Is IQ the same as intelligence?

Is IQ the same as intelligence?

The concept of IQ, also known by its abbreviation (IQ), is used with great frequency as if it were equivalent to intelligence, or at least a definitive measure of this construct. However, IQ and intelligence are not synonymous and should not be understood as such, despite the close relationship between the two concepts.

In this article we will focus on answering one question: is IQ the same as intelligence? To do this we will show several definitions of these two terms and analyze the relationships and differences that exist between them.

What is intelligence?

The term “intelligere” comes from Latin and can be translated as the ability to understand or perceive. During the Middle Ages the words “intellectus” and “intelligentia” began to be used in a similar way to the Christian concept of the soul.

There are many different conceptions of the “intelligence” construct.

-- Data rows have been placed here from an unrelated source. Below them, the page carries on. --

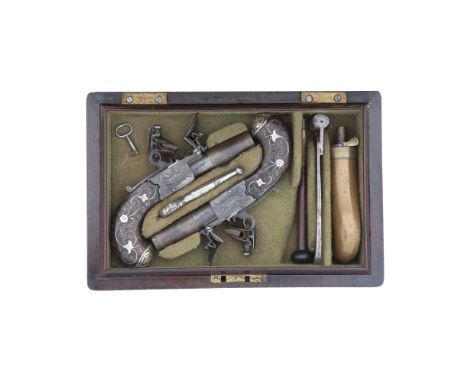 A Cased Pair Of 40-Bore Flintlock Box-Lock Pocket PistolsBy Jones, London, Early 19th CenturyWith turn-off barrels each engra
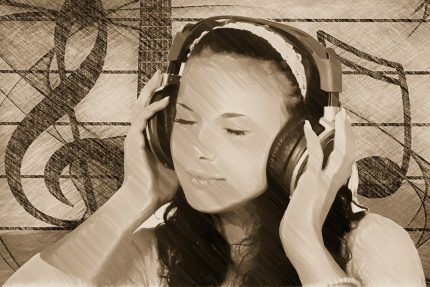 girl listening music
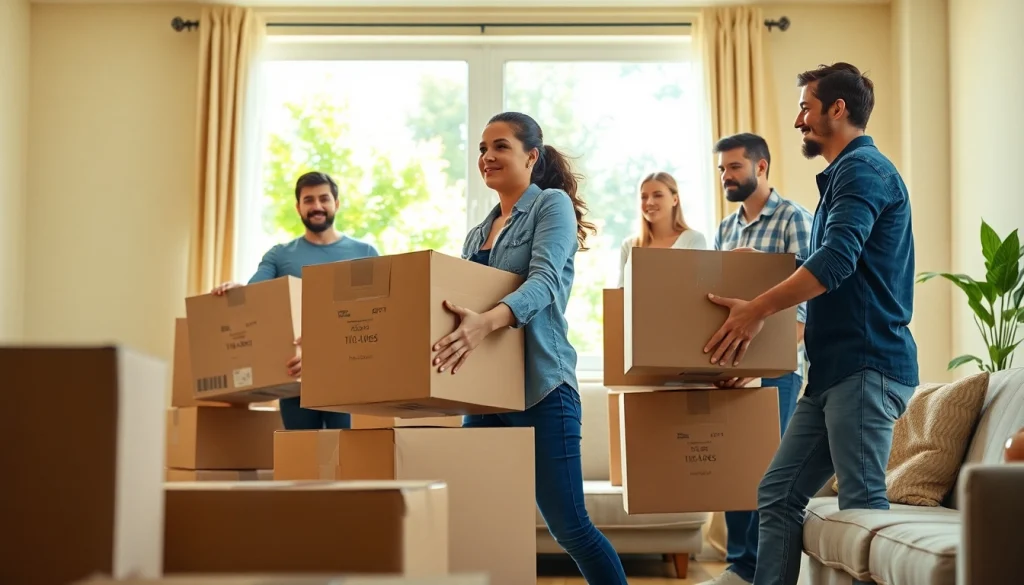 Residential Moving with professional movers organizing packed boxes in a bright living room.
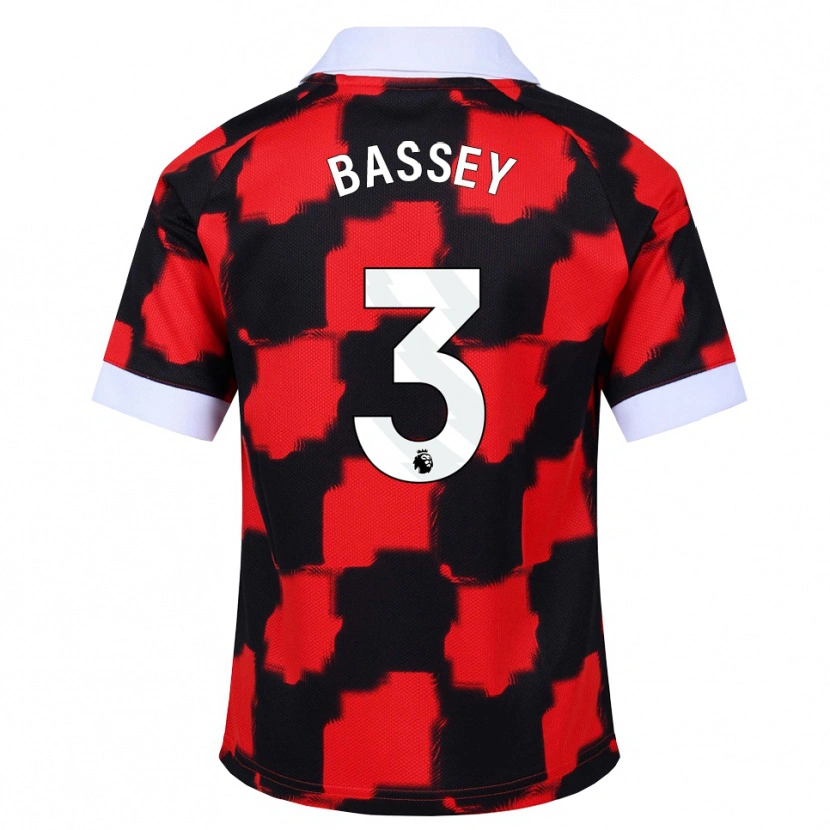 Danxen Børn Calvin Bassey #3 Rød Hvid Sort Udebane Spillertrøjer 2026/27 Trøje T-Shirt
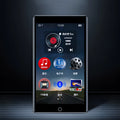Black Ruizu H1 portable MP3 MP4 player with 4-inch touch screen showing music library interface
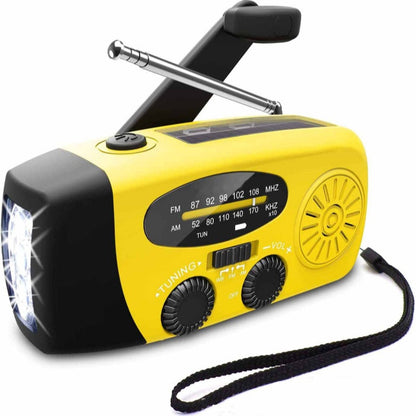 Multifunctional Portable Solar Emergency Radio – Power Bank, Hand Crank & Weather Alert for Outdoor & Crisis Preparedness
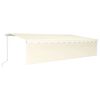 vidaXL Copertină retractabilă manual cu stor&LED, crem, 6x3 m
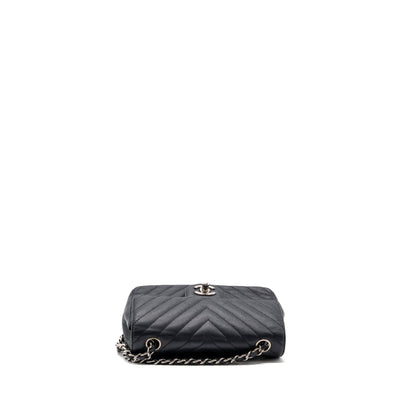 Chanel Mini Rectangular Flap Bag Chevron Caviar Black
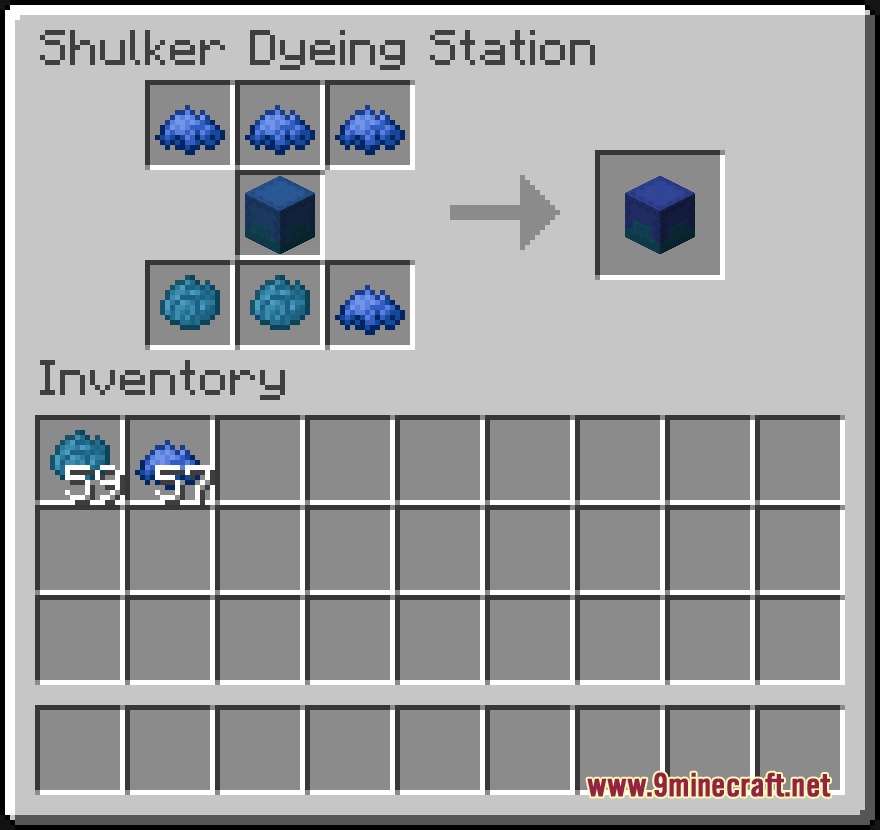 Shulker Stuff Mod Screenshot 2 The Shulker Dyeing Station allows players to mix colors for storage boxes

Although each of them highlights different aspects, most agree that it is a relatively stable skill that varies according to the individual and that is associated with problem solving and other higher order cognitive functions , as well as with adaptation to the environment.

The dictionary of the Real Academia Española includes several relevant factors in its definition of intelligence: the ability to understand and know things (similar to the original Latin word), as well as to solve problems. In addition, one of the meanings describes intelligence as an ability derived from experience.

Albert Binet, creator of the first IQ test, equated intelligence with judgment or common sense. David Wechsler, author of the WAIS and WISC intelligence tests, stated that it is a global capacity which allows us to achieve goals, think rationally and face the environment . Charles Spearman, a pioneer in psychometry, also highlighted this unitary character.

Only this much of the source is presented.